━━━━━ Records supplied ━━━━━
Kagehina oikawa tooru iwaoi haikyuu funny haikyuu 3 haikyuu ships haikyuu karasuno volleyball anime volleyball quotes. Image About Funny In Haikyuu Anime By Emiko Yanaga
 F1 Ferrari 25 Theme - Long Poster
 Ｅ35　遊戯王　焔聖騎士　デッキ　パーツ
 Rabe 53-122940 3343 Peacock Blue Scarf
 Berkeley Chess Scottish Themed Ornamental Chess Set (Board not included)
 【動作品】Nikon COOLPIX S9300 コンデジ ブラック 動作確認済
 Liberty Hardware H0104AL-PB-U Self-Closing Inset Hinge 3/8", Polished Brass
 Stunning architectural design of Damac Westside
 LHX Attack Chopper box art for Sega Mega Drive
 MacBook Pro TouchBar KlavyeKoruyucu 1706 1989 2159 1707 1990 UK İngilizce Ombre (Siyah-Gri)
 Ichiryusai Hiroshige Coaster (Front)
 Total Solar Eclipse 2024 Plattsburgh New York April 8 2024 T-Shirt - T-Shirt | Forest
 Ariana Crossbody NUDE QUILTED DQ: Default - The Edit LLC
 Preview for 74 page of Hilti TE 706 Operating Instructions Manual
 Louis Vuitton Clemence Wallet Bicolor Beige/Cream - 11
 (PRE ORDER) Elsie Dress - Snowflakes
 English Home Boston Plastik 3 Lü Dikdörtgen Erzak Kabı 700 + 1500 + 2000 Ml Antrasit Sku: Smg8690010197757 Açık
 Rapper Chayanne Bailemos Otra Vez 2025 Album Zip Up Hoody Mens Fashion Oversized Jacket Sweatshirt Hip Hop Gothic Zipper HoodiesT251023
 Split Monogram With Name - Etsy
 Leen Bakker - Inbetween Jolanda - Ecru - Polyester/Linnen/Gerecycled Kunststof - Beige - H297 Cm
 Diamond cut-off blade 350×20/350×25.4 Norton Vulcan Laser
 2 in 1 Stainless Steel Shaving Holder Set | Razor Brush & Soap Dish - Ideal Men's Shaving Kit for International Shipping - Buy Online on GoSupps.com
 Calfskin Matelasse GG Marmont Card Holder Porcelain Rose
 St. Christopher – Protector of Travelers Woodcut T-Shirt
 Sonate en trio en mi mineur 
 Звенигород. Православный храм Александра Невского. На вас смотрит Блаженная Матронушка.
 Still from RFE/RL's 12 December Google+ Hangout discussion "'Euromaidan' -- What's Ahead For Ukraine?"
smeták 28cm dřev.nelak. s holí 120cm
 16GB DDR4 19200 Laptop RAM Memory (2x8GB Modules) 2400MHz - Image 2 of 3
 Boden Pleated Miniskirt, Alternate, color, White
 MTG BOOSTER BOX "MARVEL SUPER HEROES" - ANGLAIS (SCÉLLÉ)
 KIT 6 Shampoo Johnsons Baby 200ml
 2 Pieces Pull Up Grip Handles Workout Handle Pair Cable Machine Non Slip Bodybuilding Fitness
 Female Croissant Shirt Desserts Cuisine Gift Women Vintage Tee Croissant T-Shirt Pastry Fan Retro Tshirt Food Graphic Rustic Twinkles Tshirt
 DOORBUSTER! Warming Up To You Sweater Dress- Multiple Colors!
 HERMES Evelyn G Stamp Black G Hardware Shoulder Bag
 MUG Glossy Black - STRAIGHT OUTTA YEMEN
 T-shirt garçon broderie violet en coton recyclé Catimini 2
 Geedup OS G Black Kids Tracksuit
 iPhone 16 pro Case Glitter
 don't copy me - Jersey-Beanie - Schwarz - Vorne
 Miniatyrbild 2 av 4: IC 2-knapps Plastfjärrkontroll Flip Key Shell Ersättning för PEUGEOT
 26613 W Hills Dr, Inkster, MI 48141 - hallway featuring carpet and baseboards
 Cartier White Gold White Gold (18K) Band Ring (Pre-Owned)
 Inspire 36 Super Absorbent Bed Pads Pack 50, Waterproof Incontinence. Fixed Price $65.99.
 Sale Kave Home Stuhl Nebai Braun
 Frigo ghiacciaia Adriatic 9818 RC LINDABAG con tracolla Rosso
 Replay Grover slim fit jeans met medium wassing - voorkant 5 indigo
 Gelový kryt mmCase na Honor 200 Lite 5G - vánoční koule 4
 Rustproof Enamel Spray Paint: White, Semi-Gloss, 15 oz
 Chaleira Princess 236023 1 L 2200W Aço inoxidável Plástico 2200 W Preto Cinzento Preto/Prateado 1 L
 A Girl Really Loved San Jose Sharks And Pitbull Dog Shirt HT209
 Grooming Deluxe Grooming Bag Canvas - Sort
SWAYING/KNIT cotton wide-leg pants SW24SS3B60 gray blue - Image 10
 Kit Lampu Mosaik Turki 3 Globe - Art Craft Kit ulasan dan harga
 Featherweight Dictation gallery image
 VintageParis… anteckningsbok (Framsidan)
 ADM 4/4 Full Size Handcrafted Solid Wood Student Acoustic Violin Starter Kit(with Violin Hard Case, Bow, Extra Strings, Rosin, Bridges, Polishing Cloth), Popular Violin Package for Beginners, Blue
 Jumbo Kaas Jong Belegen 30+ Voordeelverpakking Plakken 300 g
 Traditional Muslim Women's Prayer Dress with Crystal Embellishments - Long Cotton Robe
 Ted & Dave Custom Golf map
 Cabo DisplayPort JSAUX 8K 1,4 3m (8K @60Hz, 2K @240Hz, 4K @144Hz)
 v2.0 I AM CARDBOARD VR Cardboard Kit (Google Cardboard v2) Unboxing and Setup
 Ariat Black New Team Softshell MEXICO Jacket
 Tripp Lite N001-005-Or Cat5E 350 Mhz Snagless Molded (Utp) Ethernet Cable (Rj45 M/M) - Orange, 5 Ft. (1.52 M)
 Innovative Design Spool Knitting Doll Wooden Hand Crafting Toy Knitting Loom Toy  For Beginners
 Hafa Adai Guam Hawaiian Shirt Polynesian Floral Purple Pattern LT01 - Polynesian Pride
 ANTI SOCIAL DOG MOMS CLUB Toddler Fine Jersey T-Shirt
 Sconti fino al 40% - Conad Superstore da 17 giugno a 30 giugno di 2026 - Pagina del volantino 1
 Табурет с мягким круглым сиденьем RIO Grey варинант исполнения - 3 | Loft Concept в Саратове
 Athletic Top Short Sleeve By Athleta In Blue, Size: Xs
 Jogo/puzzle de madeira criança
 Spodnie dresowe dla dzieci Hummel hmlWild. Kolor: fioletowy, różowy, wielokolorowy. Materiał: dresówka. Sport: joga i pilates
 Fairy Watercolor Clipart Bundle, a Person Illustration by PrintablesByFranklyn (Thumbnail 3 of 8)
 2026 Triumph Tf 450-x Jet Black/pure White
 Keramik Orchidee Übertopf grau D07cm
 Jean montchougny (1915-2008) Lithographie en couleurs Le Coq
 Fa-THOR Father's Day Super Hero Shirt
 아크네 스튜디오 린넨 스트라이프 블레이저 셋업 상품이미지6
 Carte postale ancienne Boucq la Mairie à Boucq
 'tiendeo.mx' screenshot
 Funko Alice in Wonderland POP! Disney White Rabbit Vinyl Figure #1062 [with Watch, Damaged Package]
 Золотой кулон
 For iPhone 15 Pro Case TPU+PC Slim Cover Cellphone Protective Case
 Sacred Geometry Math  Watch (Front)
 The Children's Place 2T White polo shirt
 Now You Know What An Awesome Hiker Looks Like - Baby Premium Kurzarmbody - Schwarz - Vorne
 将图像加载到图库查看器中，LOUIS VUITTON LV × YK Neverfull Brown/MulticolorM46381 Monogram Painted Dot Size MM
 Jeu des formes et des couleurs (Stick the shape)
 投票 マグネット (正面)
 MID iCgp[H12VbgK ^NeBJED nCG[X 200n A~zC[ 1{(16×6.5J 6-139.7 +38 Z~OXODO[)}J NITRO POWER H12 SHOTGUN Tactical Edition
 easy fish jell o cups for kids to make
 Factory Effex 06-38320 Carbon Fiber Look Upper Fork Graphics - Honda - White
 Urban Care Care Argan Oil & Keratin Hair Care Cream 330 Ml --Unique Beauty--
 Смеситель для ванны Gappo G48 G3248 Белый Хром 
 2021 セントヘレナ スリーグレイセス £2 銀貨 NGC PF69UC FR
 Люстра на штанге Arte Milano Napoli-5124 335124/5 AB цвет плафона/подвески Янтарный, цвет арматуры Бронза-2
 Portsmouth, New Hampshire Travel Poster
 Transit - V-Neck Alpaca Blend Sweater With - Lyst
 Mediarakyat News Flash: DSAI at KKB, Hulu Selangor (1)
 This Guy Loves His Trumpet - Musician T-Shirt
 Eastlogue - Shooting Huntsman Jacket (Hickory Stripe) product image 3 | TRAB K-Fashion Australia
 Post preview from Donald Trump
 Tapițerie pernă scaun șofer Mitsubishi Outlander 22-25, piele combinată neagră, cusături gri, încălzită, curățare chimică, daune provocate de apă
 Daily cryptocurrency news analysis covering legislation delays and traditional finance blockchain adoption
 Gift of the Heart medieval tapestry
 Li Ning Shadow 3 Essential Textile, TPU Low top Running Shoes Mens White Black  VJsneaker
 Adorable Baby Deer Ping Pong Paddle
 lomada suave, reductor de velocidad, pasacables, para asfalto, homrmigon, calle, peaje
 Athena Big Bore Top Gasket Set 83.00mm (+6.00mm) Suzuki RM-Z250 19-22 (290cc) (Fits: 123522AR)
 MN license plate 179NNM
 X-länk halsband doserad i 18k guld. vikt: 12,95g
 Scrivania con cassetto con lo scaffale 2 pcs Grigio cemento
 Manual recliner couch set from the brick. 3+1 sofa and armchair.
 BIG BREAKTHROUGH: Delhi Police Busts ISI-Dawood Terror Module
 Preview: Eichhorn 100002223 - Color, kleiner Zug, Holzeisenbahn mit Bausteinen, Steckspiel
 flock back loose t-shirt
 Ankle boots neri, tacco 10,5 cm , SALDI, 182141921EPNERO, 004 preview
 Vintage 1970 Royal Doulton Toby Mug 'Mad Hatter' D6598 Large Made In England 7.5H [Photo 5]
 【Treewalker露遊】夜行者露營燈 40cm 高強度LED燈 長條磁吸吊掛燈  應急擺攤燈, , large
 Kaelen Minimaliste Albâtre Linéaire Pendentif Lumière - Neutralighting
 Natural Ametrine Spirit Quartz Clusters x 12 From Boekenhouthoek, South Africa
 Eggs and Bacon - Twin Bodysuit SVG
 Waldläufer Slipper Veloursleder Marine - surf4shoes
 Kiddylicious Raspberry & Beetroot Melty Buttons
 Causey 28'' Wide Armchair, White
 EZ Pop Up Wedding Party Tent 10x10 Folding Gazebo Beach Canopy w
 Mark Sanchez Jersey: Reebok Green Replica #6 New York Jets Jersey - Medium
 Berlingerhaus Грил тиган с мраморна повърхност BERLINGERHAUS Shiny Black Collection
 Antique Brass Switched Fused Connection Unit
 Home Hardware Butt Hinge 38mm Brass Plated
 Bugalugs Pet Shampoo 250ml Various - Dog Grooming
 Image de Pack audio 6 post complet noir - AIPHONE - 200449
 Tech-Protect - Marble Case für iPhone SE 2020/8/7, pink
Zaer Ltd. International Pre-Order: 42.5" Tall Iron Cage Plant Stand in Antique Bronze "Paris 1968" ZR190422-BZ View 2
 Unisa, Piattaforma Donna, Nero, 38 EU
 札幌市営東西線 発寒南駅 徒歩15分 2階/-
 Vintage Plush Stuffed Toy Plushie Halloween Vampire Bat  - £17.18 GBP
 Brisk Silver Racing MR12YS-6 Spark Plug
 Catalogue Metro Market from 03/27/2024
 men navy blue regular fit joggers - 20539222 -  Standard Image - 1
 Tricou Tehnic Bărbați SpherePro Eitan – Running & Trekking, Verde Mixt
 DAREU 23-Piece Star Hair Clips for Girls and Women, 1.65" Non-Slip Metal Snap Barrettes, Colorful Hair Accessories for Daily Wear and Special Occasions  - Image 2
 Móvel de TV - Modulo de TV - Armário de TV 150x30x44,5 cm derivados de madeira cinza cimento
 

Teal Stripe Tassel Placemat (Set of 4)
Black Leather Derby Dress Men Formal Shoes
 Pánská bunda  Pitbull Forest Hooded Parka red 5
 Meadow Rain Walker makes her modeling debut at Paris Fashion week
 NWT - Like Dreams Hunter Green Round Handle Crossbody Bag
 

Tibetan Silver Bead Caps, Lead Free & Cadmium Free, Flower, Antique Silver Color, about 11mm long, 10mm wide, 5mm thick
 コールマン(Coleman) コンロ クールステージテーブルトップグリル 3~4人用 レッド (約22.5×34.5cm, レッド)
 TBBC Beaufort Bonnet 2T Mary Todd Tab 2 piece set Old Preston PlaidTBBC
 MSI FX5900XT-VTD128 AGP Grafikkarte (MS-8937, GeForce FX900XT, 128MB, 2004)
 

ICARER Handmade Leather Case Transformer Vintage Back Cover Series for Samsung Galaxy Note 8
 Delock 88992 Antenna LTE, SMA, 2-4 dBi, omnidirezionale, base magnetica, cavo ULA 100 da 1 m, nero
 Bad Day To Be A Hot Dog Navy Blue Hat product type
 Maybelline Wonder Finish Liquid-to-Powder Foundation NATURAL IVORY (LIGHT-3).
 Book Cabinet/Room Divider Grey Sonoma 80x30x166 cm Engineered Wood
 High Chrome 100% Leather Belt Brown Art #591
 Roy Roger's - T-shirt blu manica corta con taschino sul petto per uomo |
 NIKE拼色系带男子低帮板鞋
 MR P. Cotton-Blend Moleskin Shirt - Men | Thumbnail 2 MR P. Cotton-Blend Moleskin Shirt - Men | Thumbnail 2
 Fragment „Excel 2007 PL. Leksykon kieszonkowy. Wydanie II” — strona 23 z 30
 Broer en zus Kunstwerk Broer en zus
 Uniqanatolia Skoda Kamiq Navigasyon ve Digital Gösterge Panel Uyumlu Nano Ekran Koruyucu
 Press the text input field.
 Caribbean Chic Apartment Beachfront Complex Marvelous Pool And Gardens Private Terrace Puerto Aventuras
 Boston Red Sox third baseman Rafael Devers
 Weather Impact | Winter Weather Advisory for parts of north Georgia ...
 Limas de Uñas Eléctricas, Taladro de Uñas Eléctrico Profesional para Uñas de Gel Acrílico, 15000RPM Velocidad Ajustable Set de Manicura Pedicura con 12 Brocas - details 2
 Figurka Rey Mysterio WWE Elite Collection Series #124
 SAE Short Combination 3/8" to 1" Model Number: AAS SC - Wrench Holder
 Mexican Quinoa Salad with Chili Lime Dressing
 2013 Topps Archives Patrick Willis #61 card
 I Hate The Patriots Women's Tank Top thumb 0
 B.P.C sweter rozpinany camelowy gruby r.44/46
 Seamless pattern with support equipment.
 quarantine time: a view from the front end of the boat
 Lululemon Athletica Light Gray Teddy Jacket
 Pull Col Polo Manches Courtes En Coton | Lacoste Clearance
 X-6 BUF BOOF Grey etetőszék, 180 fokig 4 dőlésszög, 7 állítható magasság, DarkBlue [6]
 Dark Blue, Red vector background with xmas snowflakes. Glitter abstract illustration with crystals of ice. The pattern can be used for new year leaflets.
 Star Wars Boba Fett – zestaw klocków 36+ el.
━━━━━
● Aim of the exercise
Could you set down, exactly as written, the lines above between the one holding "SWAYING/KNIT cotton wide-leg" and the one holding "v2.0 I AM CARDBOARD", inclusive, and nothing more?

● Reply
SWAYING/KNIT cotton wide-leg pants SW24SS3B60 gray blue - Image 10
 Kit Lampu Mosaik Turki 3 Globe - Art Craft Kit ulasan dan harga
 Featherweight Dictation gallery image
 VintageParis… anteckningsbok (Framsidan)
 ADM 4/4 Full Size Handcrafted Solid Wood Student Acoustic Violin Starter Kit(with Violin Hard Case, Bow, Extra Strings, Rosin, Bridges, Polishing Cloth), Popular Violin Package for Beginners, Blue
 Jumbo Kaas Jong Belegen 30+ Voordeelverpakking Plakken 300 g
 Traditional Muslim Women's Prayer Dress with Crystal Embellishments - Long Cotton Robe
 Ted & Dave Custom Golf map
 Cabo DisplayPort JSAUX 8K 1,4 3m (8K @60Hz, 2K @240Hz, 4K @144Hz)
 v2.0 I AM CARDBOARD VR Cardboard Kit (Google Cardboard v2) Unboxing and Setup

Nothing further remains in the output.